A proposed executive order could subject AI models to an FDA-style AI evaluation process, with major implications for food-tech and ag-tech suppliers.

The White House is floating a plan to vet artificial intelligence the way the FDA vets drugs. National Economic Council Director Kevin Hassett confirmed Wednesday the Trump administration is weighing an executive order requiring a formal AI evaluation process before models reach market. Food-tech operators: this one is worth watching.

TLDR

  • White House may require pre-market AI review, similar to FDA drug approval.
  • NEC Director Kevin Hassett confirmed the executive order is under consideration.
  • A new AI model called Mythos is reportedly driving the administration’s urgency.
  • Food-tech and ag-tech suppliers using AI tools could face new compliance layers.
  • No timeline confirmed; the policy is still in early formation stages.

An AI Evaluation Process Modeled on the FDA

Kevin Hassett, director of the National Economic Council, told reporters Wednesday the administration is actively considering the move. The trigger: a new advanced AI model called Mythos, which has accelerated internal debate about AI oversight. Hassett offered few specifics on scope or timeline. However, the FDA-drug analogy signals a preference for structured, evidence-based review before deployment.

For food-industry operators, the parallel is not abstract. AI tools already run demand forecasting, ingredient sourcing, and quality control across the supply chain. A formal AI evaluation process could require vendors to document model performance, bias testing, and safety thresholds before selling into regulated industries.

What Food-Tech Suppliers Should Track Now

No executive order has been signed. Specifically, no agency has been named to administer any review. But the FDA comparison matters: it implies a pre-market clearance model, not a post-incident enforcement model. That is a significant structural difference.
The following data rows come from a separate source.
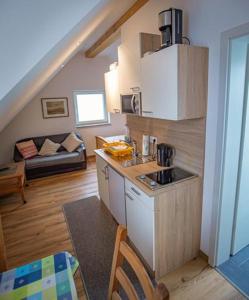 a kitchen with a sink and a living room at Schöne Ferienwohnung In Oberwaldbach in Burtenbach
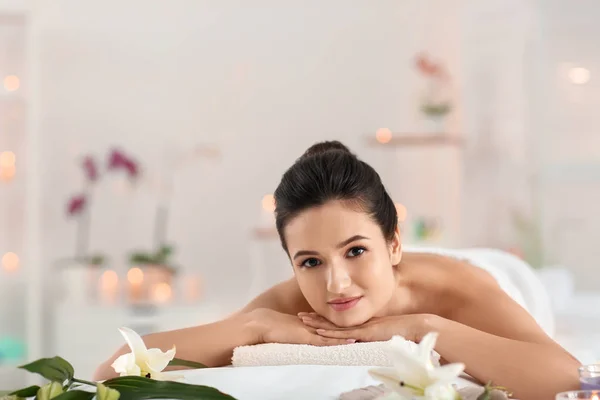 Young woman relaxing on massage table at spa salon — Stock Photo, Image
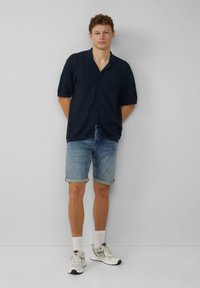 Marine gestreepte short-sleeve shirt, lichtblauwe denim shorts, witte sokken en grijze sportschoenen. Eenvoudig ontwerp, relaxte pasvorm en opgerolde mouwen.
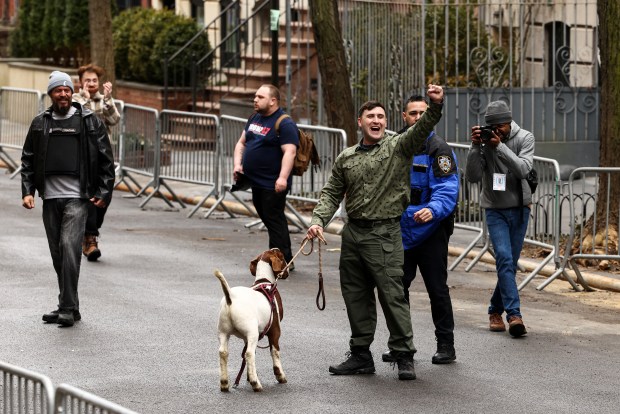 Far-right influencer Jake Lang holds a goat on a leash as he arrives at a protest organized by Lang against alleged "Islamification" and to ask for a "stop of public Muslim prayer" in New York, in front of Gracie Mansion, New York mayor Zohran Mamdani's official residence, in New York on March 7, 2026. (Photo by CHARLY TRIBALLEAU / AFP via Getty Images)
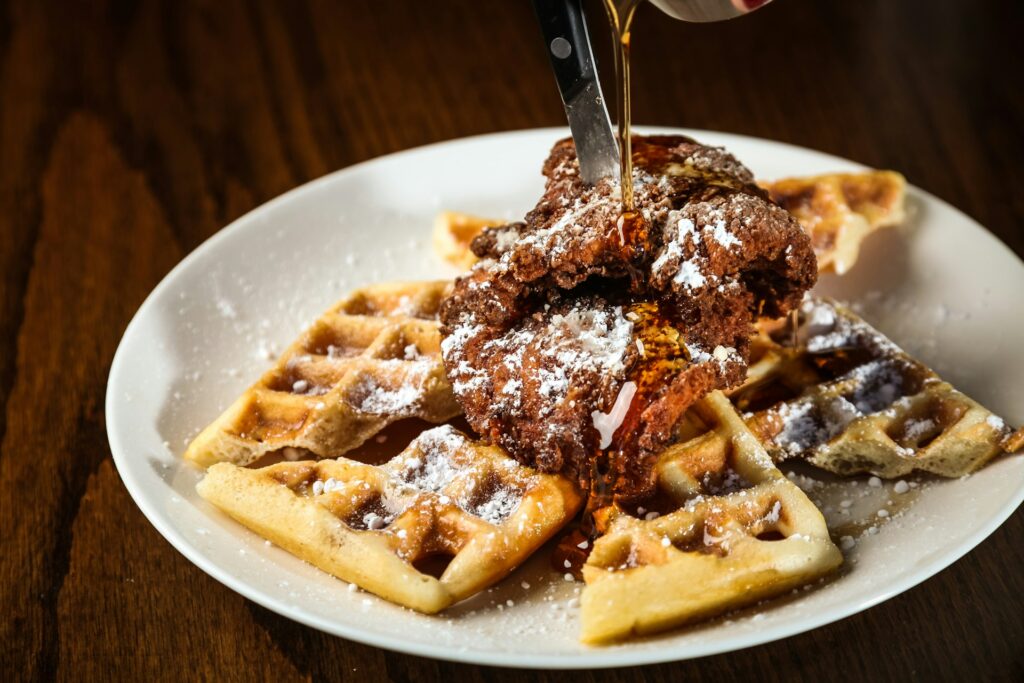 waffles with chocolate syrup on white ceramic plate
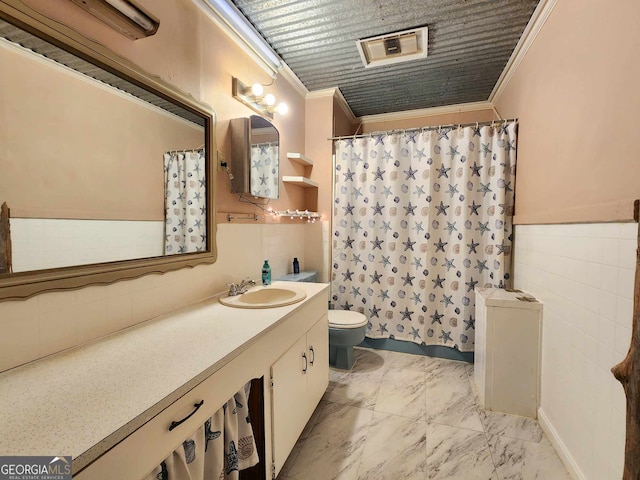 bathroom featuring crown molding, vanity, a wall mounted air conditioner, and toilet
Suppliers building AI into food safety systems, nutrition labeling tools, or traceability platforms should monitor this closely. The Hill’s reporting notes the White House is still in early deliberation. Early. But the direction is clear: the federal government is moving toward treating high-stakes AI like a regulated product, not a software update. Operators who build compliance readiness now will not be scrambling later.